Problem details » The expected output is the full data, repeated exactly, without pictures.

-- Dataset extract follows --

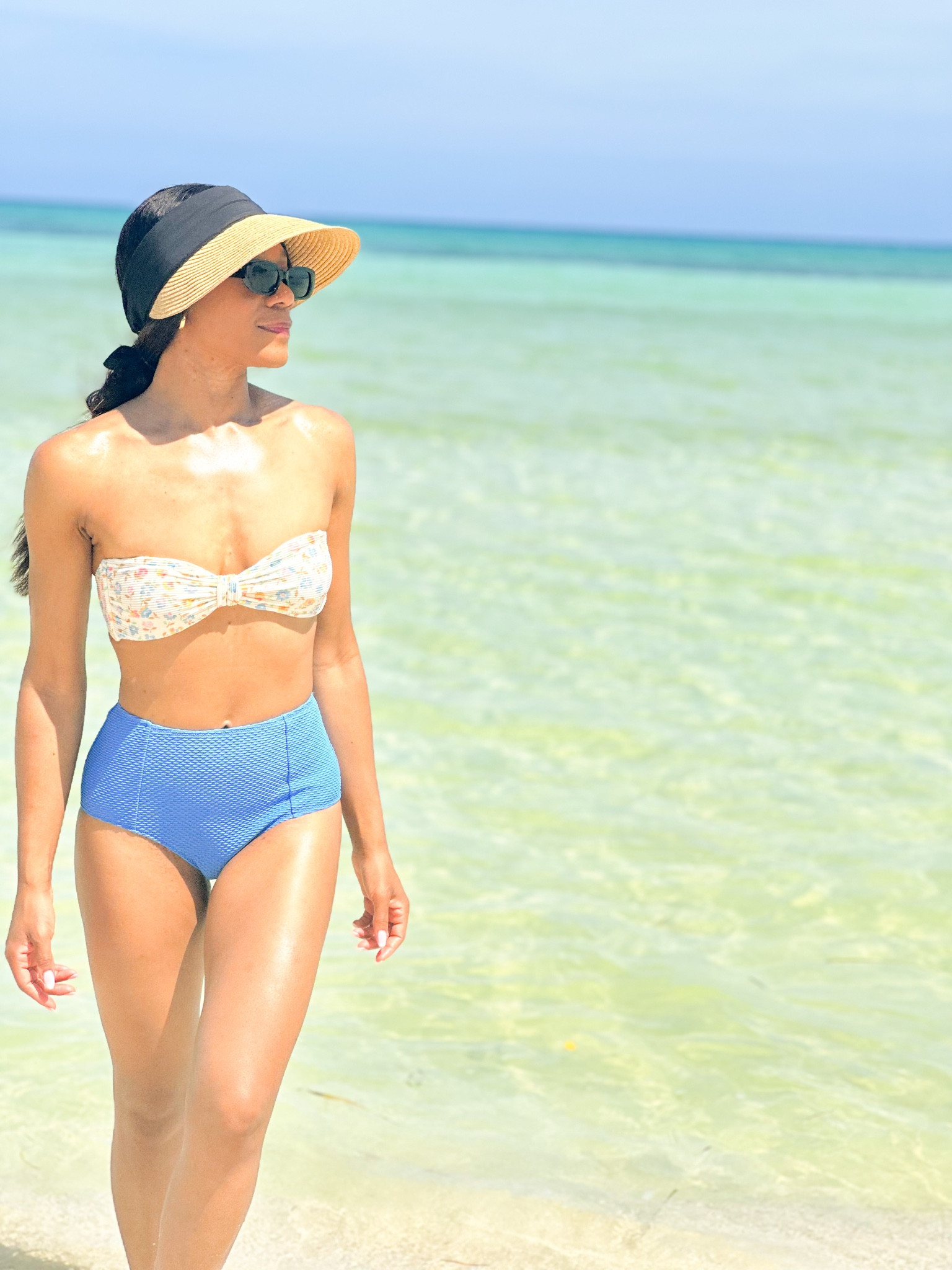 I’m so ready for my next vacation in this two piece retro swimsuit. I love this high waisted bottom as it offers good coverage from American Eagle. 
#swimsuit #swimwear #vacationstyle #twopiece #bikini #highwaistedbottom #retroswomsuit #fullcoverage

#LTKtravel #LTKSeasonal #LTKFind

-- Dataset extract concluded --

Worked solution »
 I’m so ready for my next vacation in this two piece retro swimsuit. I love this high waisted bottom as it offers good coverage from American Eagle. 
#swimsuit #swimwear #vacationstyle #twopiece #bikini #highwaistedbottom #retroswomsuit #fullcoverage

#LTKtravel #LTKSeasonal #LTKFind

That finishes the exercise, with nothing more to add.